## Instructions to follow
Lines from the one containing "M'aimeras-tu ? L'impérissable" through the last line of the records below need to be repeated exactly; nothing else, and no pictures.

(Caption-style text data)
—————
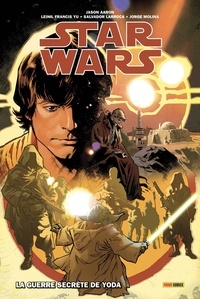 Jason Aaron et Leinil Francis Yu - Star Wars Tome 2 : La guerre secrète de Yoda.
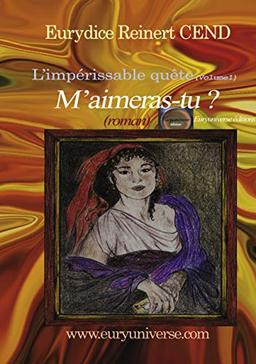 M'aimeras-tu ? L'impérissable quête (Volume1): M'AIMERAS-TU ? L'IMPERISSABLE QUETE (VOLUME 1)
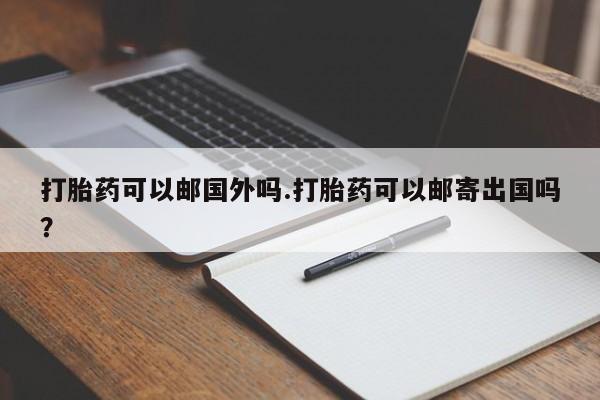 流产药叫什么名购买流程打胎药可以邮国外吗.打胎药可以邮寄出国吗？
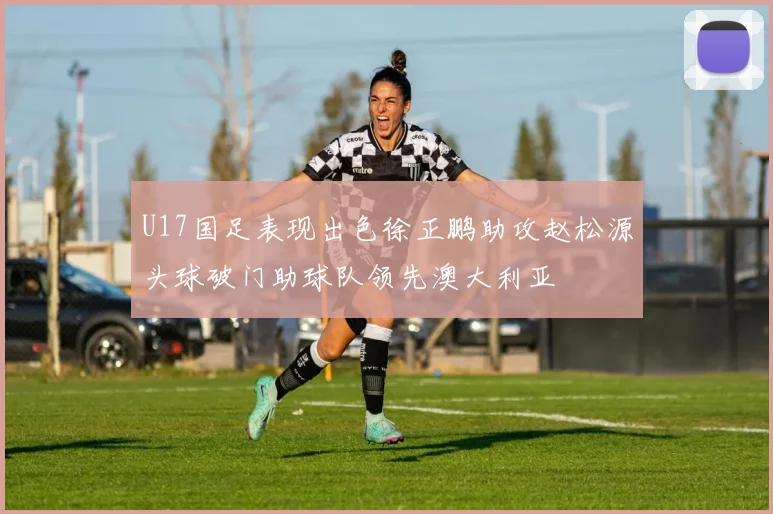 U17国足表现出色徐正鹏助攻赵松源头球破门助球队领先澳大利亚
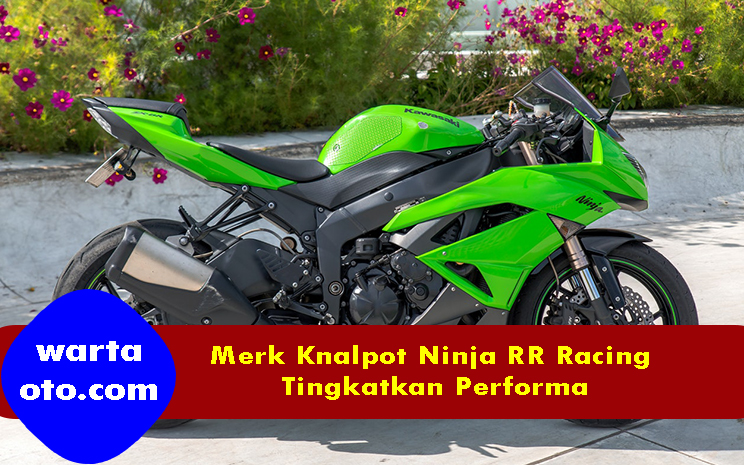 Knalpot Yang Cocok Ninja Rr. Merk Knalpot Ninja RR Racing Tingkatkan Performa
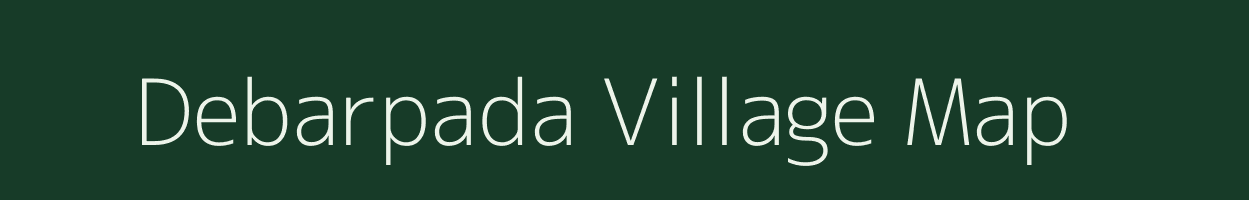 Debarpada village map in Gujarat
—————
## Exercise result
 M'aimeras-tu ? L'impérissable quête (Volume1): M'AIMERAS-TU ? L'IMPERISSABLE QUETE (VOLUME 1)
 流产药叫什么名购买流程打胎药可以邮国外吗.打胎药可以邮寄出国吗？
 U17国足表现出色徐正鹏助攻赵松源头球破门助球队领先澳大利亚
 Knalpot Yang Cocok Ninja Rr. Merk Knalpot Ninja RR Racing Tingkatkan Performa
 Debarpada village map in Gujarat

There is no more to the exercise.